I would at least want to understand why.
Can you define what you mean by "network" weirdness, if pfSense is the cause of the problem?
Pardon me for jumping onto this thread, but I am experiencing the same problem, accessing a Cisco phone system on its voice VLAN 150, doing automatic routing through pfSense to VLAN 1.
pfSense is set as the gateway on VLAN 150 for the Cisco, and is set as the gateway for the desktop PC on VLAN 1.
Open SSH on VLAN 1 to the Cisco controller, and I can connect, but the connection only stays active 1-3 minutes and suddenly force-closes.
It kills the SSH session, even if the session is NOT idle but streaming data, such as dropping right in the middle of a "show tech-support" text dump.

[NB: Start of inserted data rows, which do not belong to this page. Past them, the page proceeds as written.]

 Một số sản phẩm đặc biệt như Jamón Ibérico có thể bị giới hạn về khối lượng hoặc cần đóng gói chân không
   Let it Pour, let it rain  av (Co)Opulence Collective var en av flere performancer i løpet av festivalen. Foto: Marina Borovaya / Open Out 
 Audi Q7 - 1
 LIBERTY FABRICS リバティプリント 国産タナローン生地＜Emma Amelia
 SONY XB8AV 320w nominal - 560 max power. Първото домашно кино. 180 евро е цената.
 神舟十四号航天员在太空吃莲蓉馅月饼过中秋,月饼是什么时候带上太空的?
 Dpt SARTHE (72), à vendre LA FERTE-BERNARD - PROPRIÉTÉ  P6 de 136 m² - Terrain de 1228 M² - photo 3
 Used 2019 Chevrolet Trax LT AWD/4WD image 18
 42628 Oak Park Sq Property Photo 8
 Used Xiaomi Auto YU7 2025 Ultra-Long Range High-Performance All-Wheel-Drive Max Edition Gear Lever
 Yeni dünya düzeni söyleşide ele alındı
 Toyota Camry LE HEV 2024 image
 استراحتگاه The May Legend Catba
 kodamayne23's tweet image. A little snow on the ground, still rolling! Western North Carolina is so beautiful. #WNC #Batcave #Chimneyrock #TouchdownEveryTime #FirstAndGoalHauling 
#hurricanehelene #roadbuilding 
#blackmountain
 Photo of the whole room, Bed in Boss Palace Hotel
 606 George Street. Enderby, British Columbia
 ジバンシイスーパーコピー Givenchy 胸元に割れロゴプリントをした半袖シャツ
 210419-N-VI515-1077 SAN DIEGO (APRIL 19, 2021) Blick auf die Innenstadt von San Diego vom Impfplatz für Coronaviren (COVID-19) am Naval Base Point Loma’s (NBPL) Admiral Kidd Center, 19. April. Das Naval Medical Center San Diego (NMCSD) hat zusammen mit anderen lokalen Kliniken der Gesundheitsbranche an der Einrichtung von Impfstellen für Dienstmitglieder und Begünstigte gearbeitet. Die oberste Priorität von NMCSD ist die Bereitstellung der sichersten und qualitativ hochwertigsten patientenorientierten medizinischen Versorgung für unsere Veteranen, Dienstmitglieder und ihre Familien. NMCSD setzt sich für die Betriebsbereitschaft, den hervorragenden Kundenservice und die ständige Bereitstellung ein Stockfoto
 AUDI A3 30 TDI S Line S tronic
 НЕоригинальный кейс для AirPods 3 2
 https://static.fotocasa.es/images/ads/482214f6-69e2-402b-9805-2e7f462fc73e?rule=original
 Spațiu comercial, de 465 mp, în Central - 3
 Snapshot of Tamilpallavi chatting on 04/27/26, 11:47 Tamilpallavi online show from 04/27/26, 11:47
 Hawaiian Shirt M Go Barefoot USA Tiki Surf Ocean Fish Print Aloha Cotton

VLAN 150 firewall config in pfSense is "pass all IPv4, all protocols, from any to any", setting it wide open to remove any possible flow restrictions.
pfSense still drops SSH anyway, even though I can ping the Cisco continuously from VLAN 1, no problem.
If I put a computer directly on VLAN 150, SSH works normally, sessions can stay open indefinitely, no problem.
-
It means "sloppy state" and "disabling pf" should never be necessary. I am not going to try to decipher that text, do the work, and make a diagram for you.
Look at the diagram in my sig to see the information necessary and make one and post it.